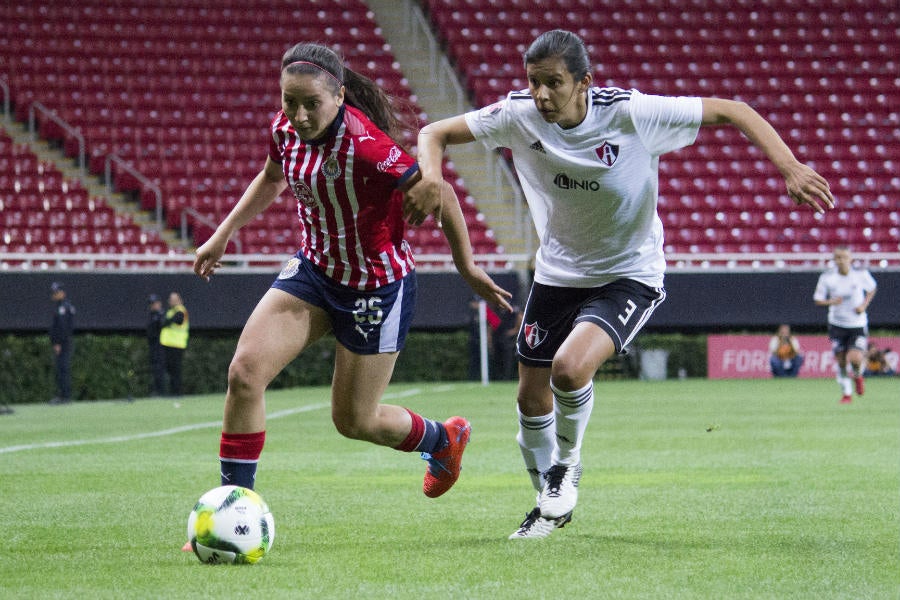 La delantera en juego ante Atlas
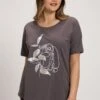Ulla Popken T-Shirt Print - Donkergrijs 2 Ulla Popken T-Shirt Print - Donkergrijs -Ulla Popken 8d7ff273abe0465d850ff04900b5dfc5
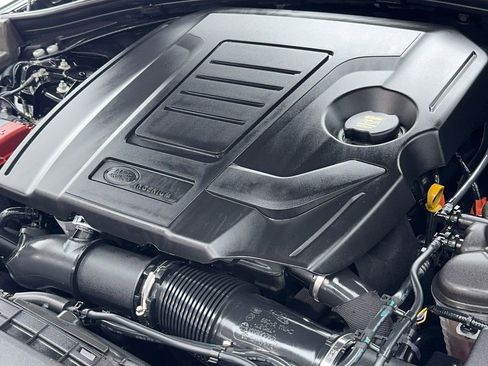 Used 2025 Land Rover Range Rover Velar Dynamic SE image 62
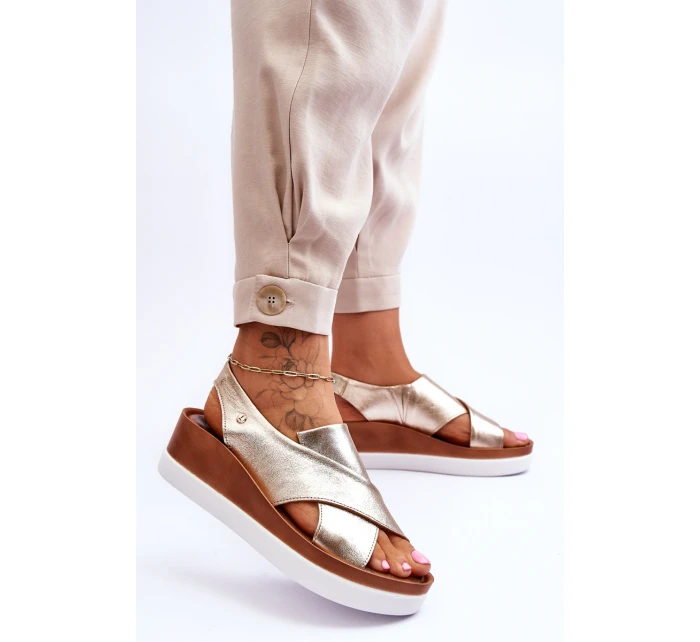 kožené sandály na klínu Zlaté model 21617433 - Zazoo kožené sandály na klínu Zlaté model 21617433 - Zazoo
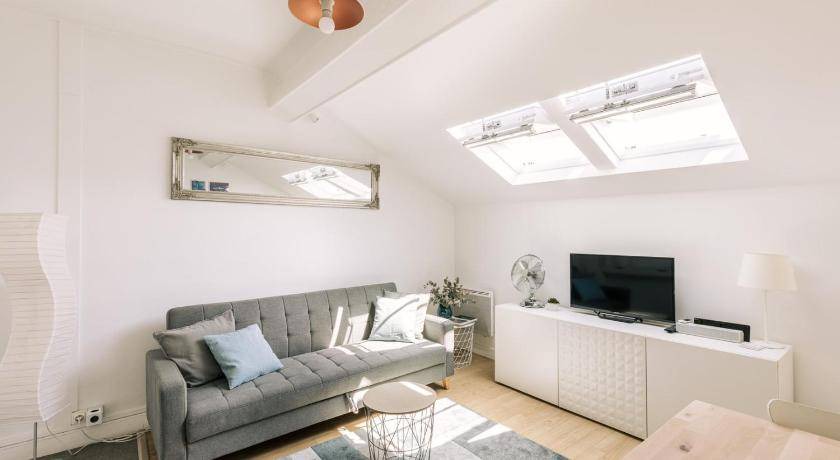 Photo of Livingroom in Saint-Cloud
────────
● **WORK TASK**
Without any of the pictures, reproduce the listing above exactly.

● **ANSWER FOR THE TASK**
 La delantera en juego ante Atlas
Ulla Popken T-Shirt Print - Donkergrijs 2 Ulla Popken T-Shirt Print - Donkergrijs -Ulla Popken 8d7ff273abe0465d850ff04900b5dfc5
 Used 2025 Land Rover Range Rover Velar Dynamic SE image 62
 kožené sandály na klínu Zlaté model 21617433 - Zazoo kožené sandály na klínu Zlaté model 21617433 - Zazoo
 Photo of Livingroom in Saint-Cloud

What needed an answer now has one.